Obviously, in order to be able to provide these different database engines as a service, it requires a decent amount of familiarity with their operational characteristics, the scaling considerations, the ways that you need to manage orchestration of the nodes entering or leaving the cluster, fine tuning of the throughput, and that requires a lot of effort and time investment and usually, a lot of,

a lot of errors that come up as a result. I'm wondering if you can talk through some of the ways that you helped to build that operational familiarity and operational comfort of the different engines and the ways that you selected the engines that you wanted to support as part of that core offering. Yes. So, again, so when we are building the platform, the advantage is, like, let's say, company has 20 different teams and they need at least, like, you know, 10 different Cassandra. If they're running Cassandra, they need 10 different DBAs in integrated in their own part. That's the typical DevOps model.
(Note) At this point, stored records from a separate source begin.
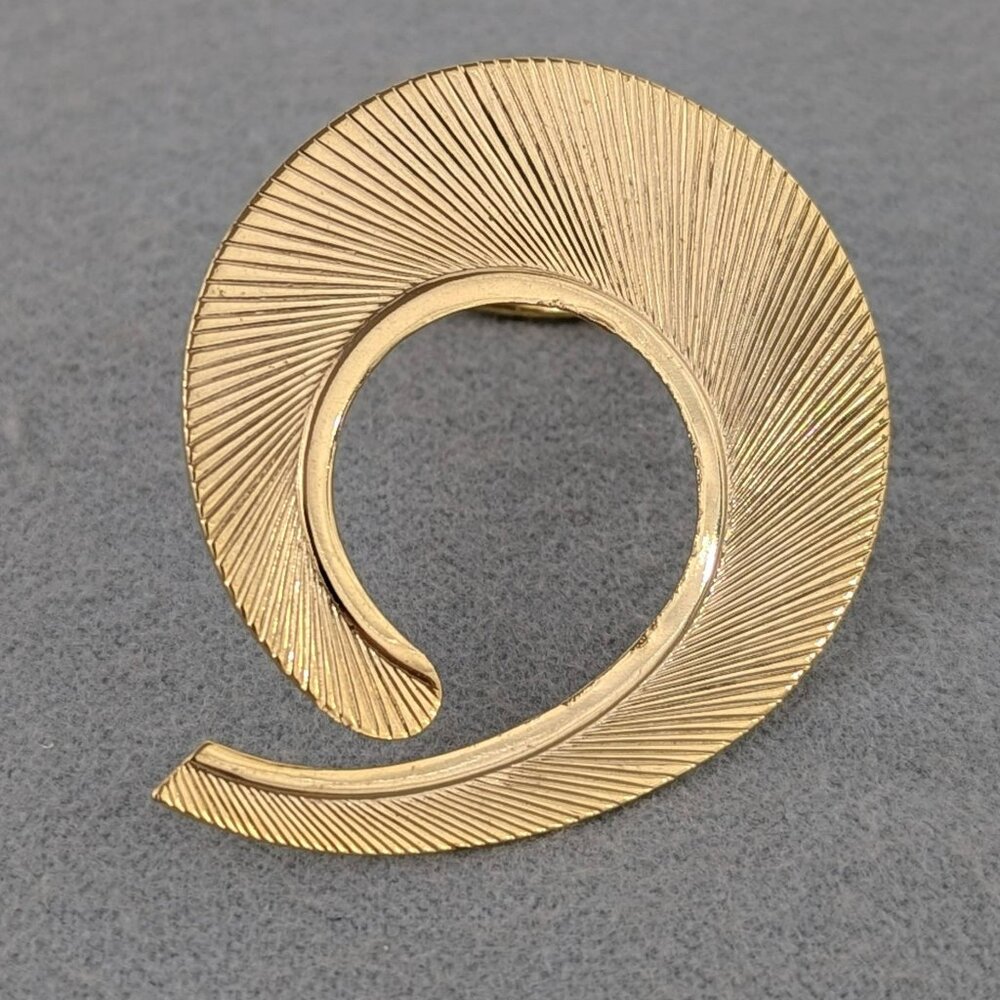 Gold Tone Jeri-Lou scarf clip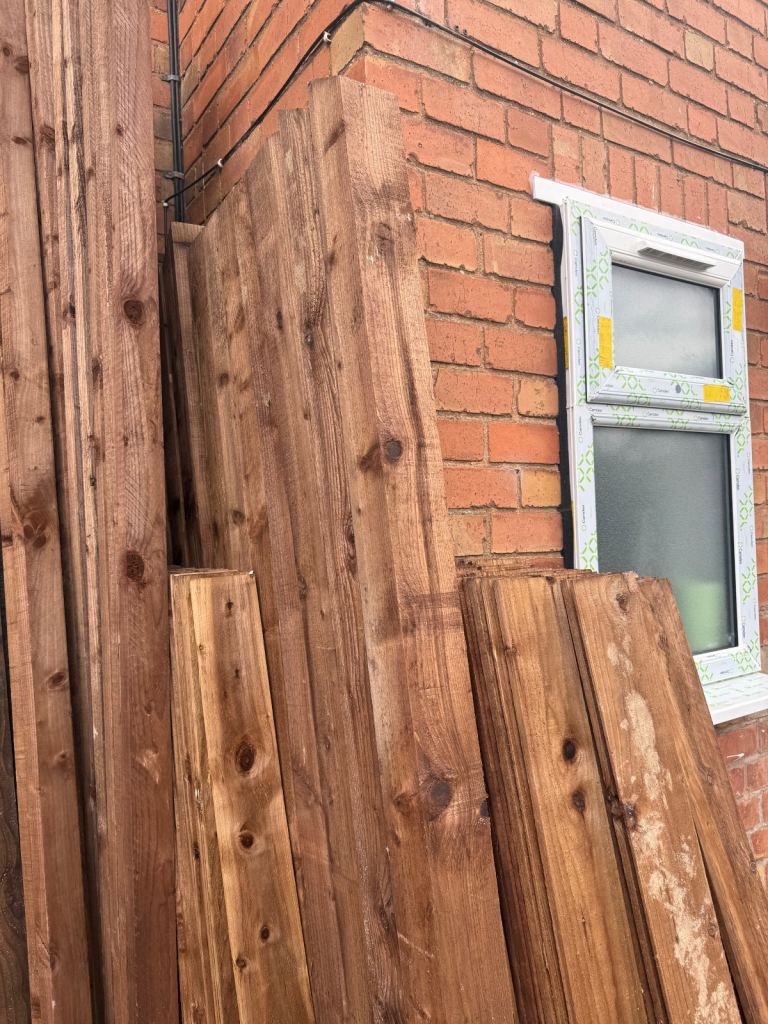 8 foot and 9foot timber posts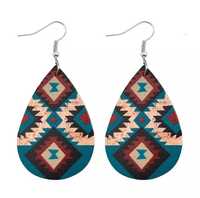 Achetez des boucles d'oreilles légères de créateur, élégantes, faites à la main en résine, bijoux uniques et tendance, design créatif.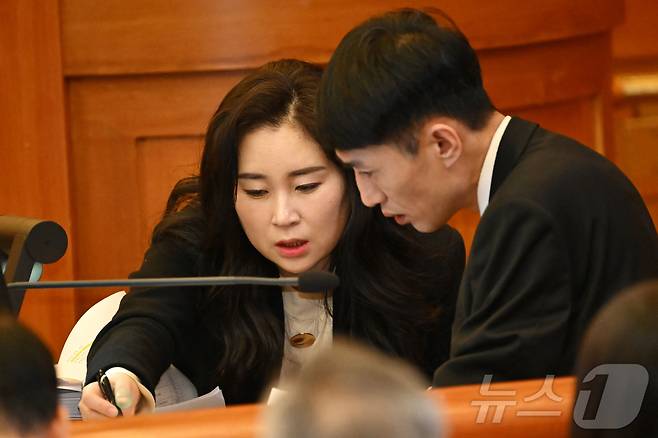 윤석열 대통령 측 김계리 변호사가 25일 서울 종로구 헌법재판소 대심판정에서 열린 윤석열 대통령 탄핵심판 최종 변론에 출석해 대화하고 있다. 2025.2.25/뉴스1 ⓒ News1 사진공동취재단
Now if we are bringing them

all to the platform team, we only need, like, two or three who are experts. So they set up everything, the configuration and everything, and everybody else uses it. So we we don't need every team expert embedded in their teams. So the platform team abstracts all of that. And once you have that, best practices are defined. This is how you need to create secondary indexes. Or, like, this is how you need to build your access patterns. They're all defined. And,

as I said, when we are involved from the day one, like, let's say there is a use case on day one, we can help them make sure that they don't make costly mistakes, which will hurt later, but add hurt to those access patterns and the best practices. And that will help, for the successful use case deployment. And so talking a bit more about the implementation of the platform management, you mentioned that you were using the AWS service catalog.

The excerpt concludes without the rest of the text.